House prices will fall 6.4% by 2024, central bank says in new forecast
House prices in the Netherlands will go down by 6.4% between now and the end of 2024, as higher interest rates and the cooling economy impact on buyers, the Dutch central bank said on Monday in its latest economic forecasts.
Nevertheless, there is no real cause for concern and economists do not expect a housing crisis similar to that of 10 years ago, when hundreds of thousands of home owners faced negative equity, the central bank said.
This, the bank said, is because many home owners have fixed their interest payments at a low rate for a longer period and because of rising salaries, which will allow buyers to borrow more.
The Netherlands will be in a slight recession in the coming months, due to high inflation and the downturn in world trade, the central bank said, in line with forecasts made by other agencies.
Economic growth reached 4.2% this year, in the wake of the coronavirus pandemic, the central bank said and the economy will grow by 0.8% next year and 1.6% in 2024. Inflation will fall, partly due to the energy price cap, but will remain high at around 5%.

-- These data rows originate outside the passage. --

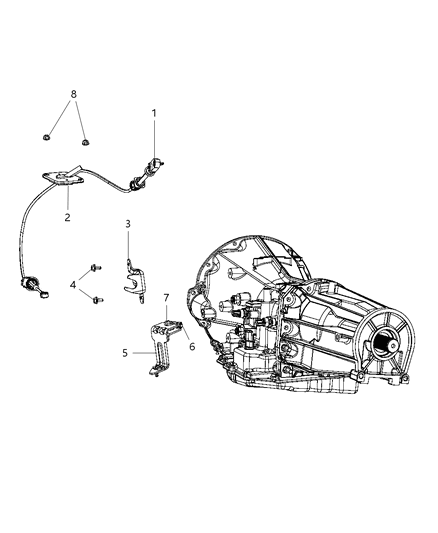 2009 Dodge Nitro Gearshift Lever , Cable And Bracket Diagram 1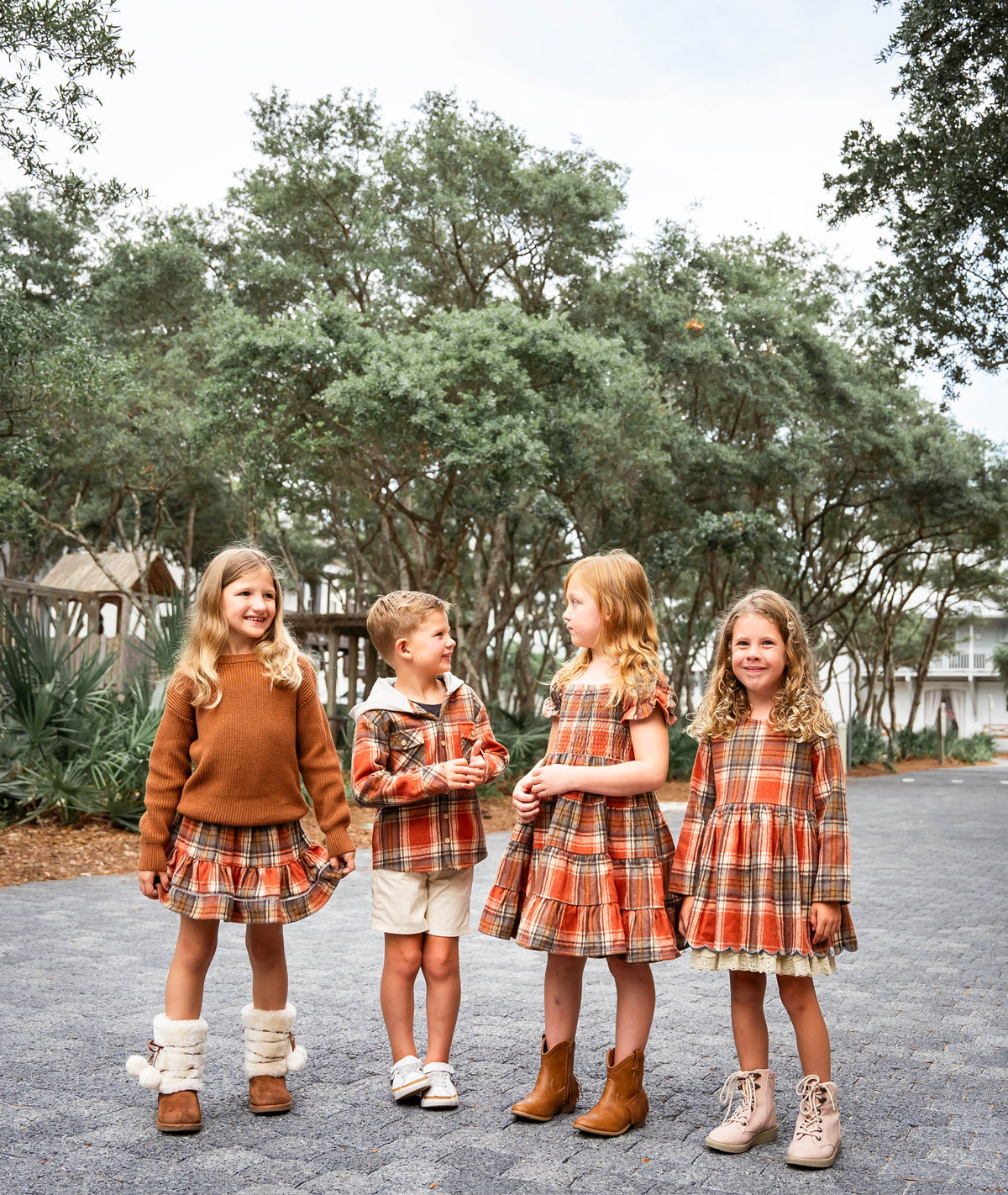 Fall Plaid Long Sleeve Dress and Bloomer Set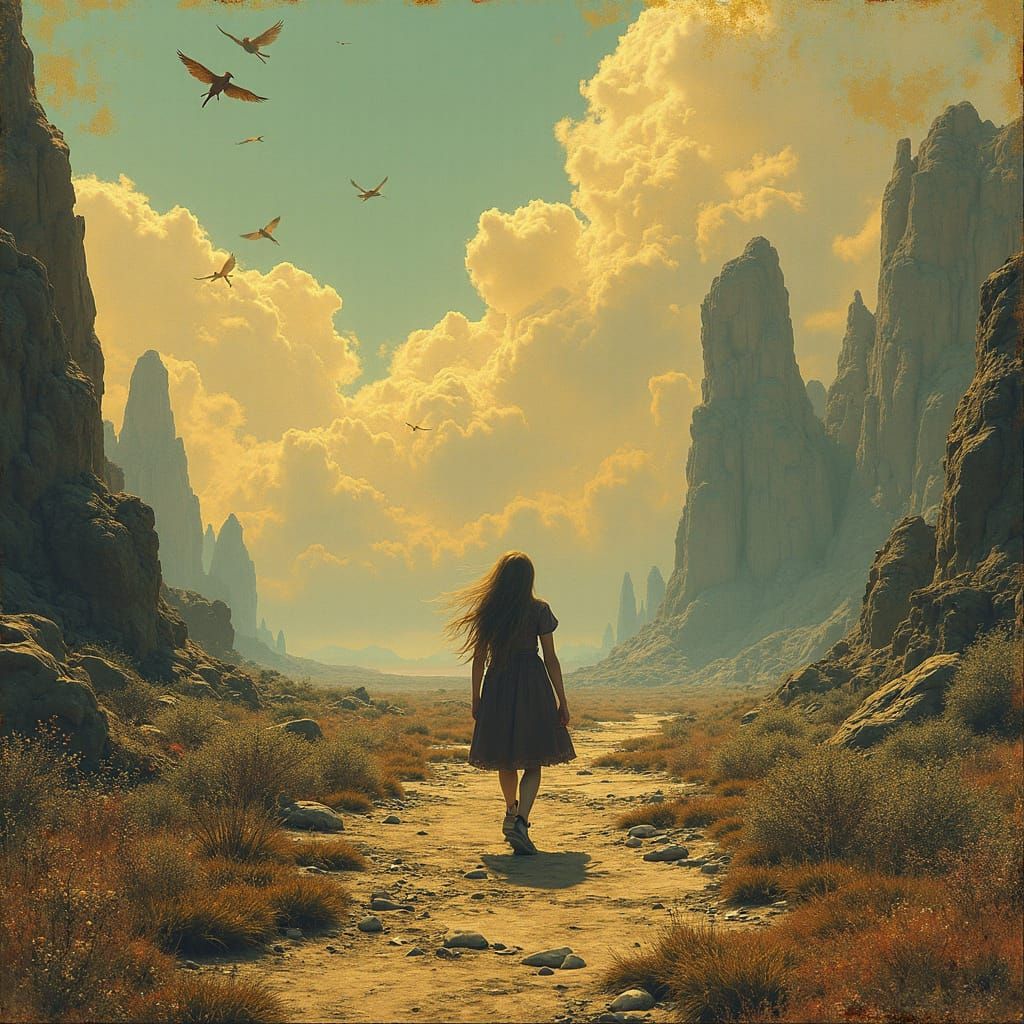 Gilded Wanderer in a Futuristic Fairytale Landscape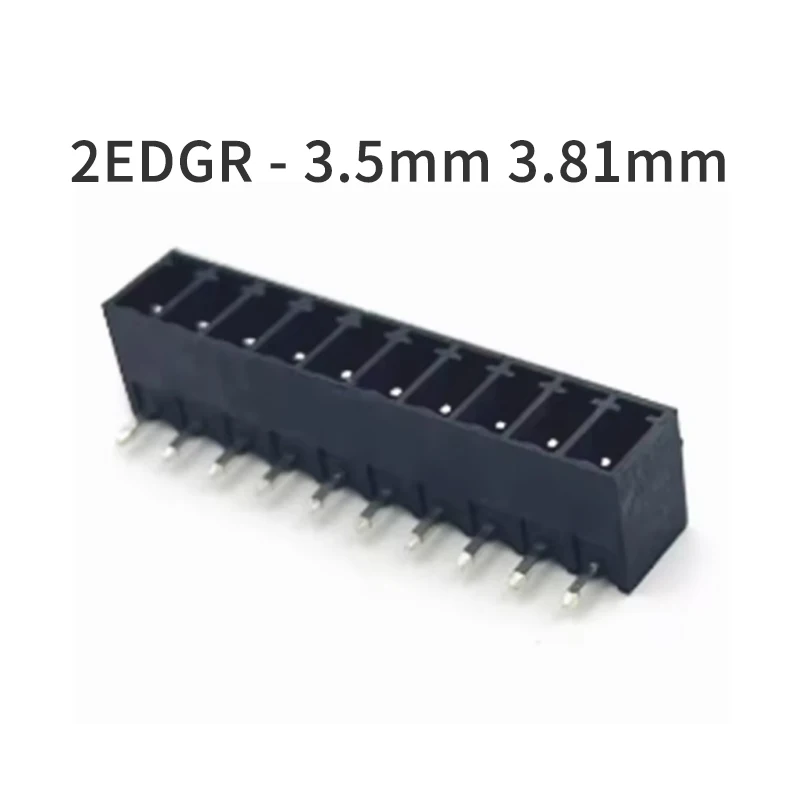 (10 Pcs) Plug-in PCB terminal block 15EDG Black 2EDGR - 3.5mm 3.81mm Curved pin Terminal block 2P 3P 4P 5P 5P 6P 8P~16P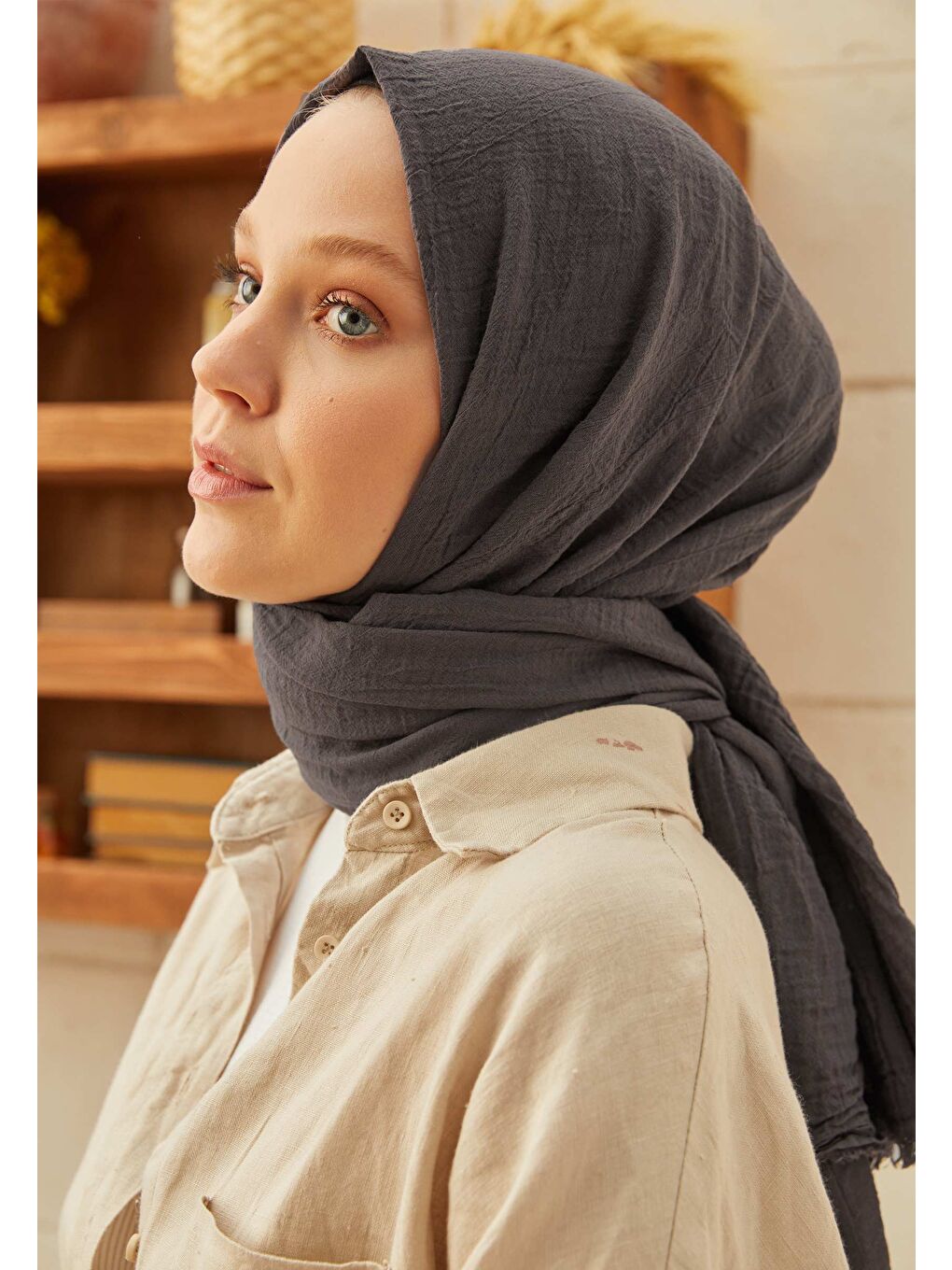 Organik Pamuk Şal Antrasit-4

Unemployment will stay low and the shortage of workers will still be a problem across most sectors. Wages are likely to rise by an average of 5% in 2023.
Spending power
Government measures to shore up spending power, such as the energy price cap, will have an impact on the budget deficit, which will rise sharply in 2023. The government’s finances are not in ‘the danger zone’, although budgetary discipline should be brought back, the central bank said.
The central bank also called on the government to focus its extra support on households which risk getting into financial difficulty and to limit its aid to energy intensive industries.
Efforts should also be made to encourage more households and business to become more energy efficient, as long as government, employers and unions work together to ensure enough qualified staff.
In an alternative scenario, in which world trade continues to decline, economic growth would be reduced by 0.8 percentage points, while inflation would remain at around 9%, the bank said.